Steve
Steve

Reputation: 569

Amazon EC2 publickey error

I had a developer working on my app prior to now. I am taking over the project, as he is now out of the country, and can't get an SSH connection established. I keep getting a publickey error.

Steps taken:

- Created new key pair  
- Downloaded .pem file  
- Set chmod 400 on .pem file  
- ssh -vvv -i ~/.ssh/steve.pem ubuntu@instance ip

Verbose output ended with:

debug2: we sent a publickey packet, wait for reply  
debug1: Authentications that can continue: publickey  
debug2: we did not send a packet, disable method  
debug1: No more authentication methods to try.  
Permission denied (publickey).  

What am I doing wrong?

Upvotes: 0

Views: 572

Answers (2)

David Levesque
David Levesque

Reputation: 22441

I agree with datasage's answer.
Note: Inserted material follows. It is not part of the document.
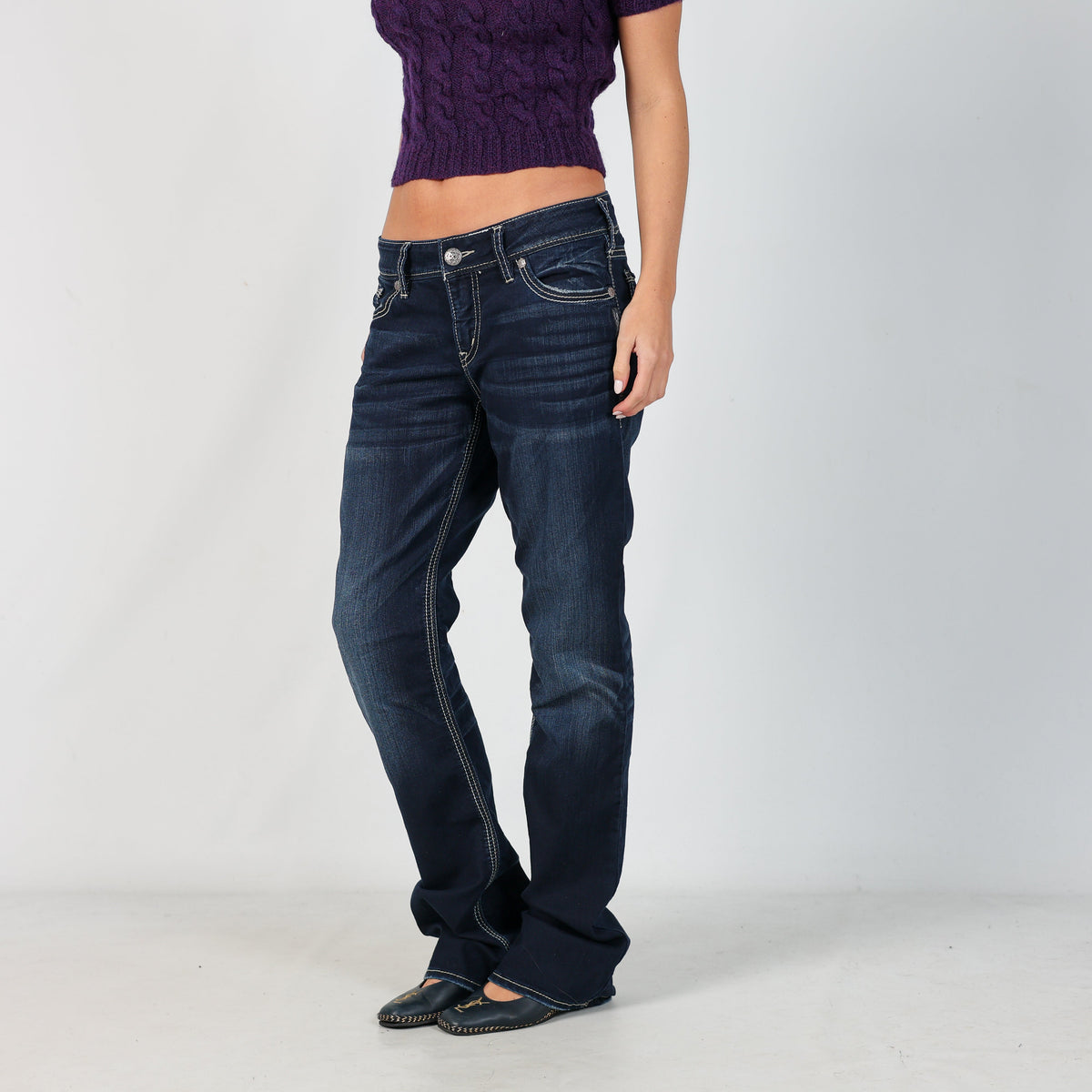 Blue Y2K Silver Straight Jeans (M)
Another way to get access is to create an AMI image of the current instance and then launch a new instance from that image. When you launch the new instance, you will have the option to create a new key pair or to use an existing one.

Once you can connect to the new instance, you can reassign the Elastic IP (if any) of the old instance to the new one and just terminate the old instance.

Upvotes: 0

datasage
datasage

Reputation: 19563

You can't create a new key pair to access an existing instance. The keypair selected is only installed on the instance when its launched, any additional keys have to be added to the instance directly.

If you need to add a new key to an existing instance, you can do the following:

  1. Stop your instance.
  2. Detach the root volume.
  3. Attach to a new instance as a secondary volume and mount the volume.
  4. Update the ~/.ssh/authorized_keys file for the user you are trying to login with. You would put your new public key in this file.
  5. Unmount the volume, and reattach it to the original instance.

If you did everything right, you will be able to access the instance after you restart. Unless your in VPC your ip will change when you stop the instance.